Трактат Псевдо-Лонгина «О возвышенном», известный в Европе благодаря французскому переводу Буало, был, действительно, хорошо знаком Ломоносову, конспектировавшему его в годы учебы в Германии (Серман 1983; 2002). Тынянов частично цитирует (в позднейшем русском переводе И. Мартынова) определение, которое Лонгин дает возвышенному:
<…> il ne persuade pas proprement, mais il ravit, il transporte, et produit en nous une certaine admiration mêlée d’étonnement et de surprise, qui est toute autre chose que de plaire seulement, ou de persuader. Nous pouvons dire à l’égard de la persuasion, que pour l’ordinaire elle n’a sur nous qu’autant de puissance que nous voulons. Il n’en est pas ainsi du Sublime. Il donne au Discours une certaine vigueur noble, une force invincible qui enlève l’âme de quiconque nous écoute.

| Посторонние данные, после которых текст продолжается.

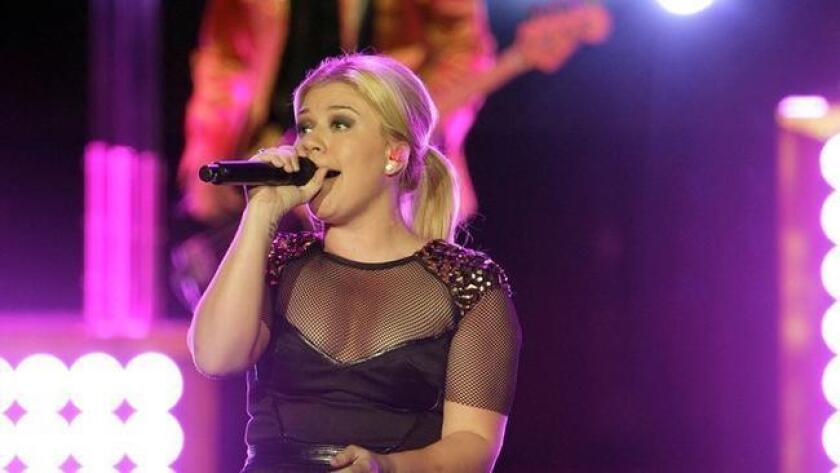 Kelly Clarkson is shown performing in late 2013 at Sleep Train Amphitheater in Chula Vista. (/ John Gastaldo/U-T San Diego)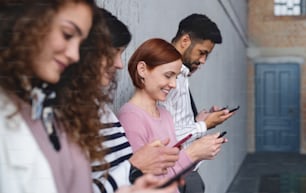 Seitenansicht einer Gruppe von Unternehmern, die im Büro mit dem Smartphone an einer Betonwand stehen.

[<…> оно не убеждает в собственном смысле, а увлекает, восторгает и производит в нас некое восхищение, смешанное с изумлением и удивлением, и это совершенно иное дело, чем просто нравиться или убеждать. Об убеждении можно сказать, что обыкновенно оно имеет над нами лишь столько власти, сколько мы желаем. С возвышенным все обстоит совсем иначе. Оно придает речи некую благородную решительность, непобедимую силу, охватывающую душу нашего слушателя.] (Boileau 1966, 341–342)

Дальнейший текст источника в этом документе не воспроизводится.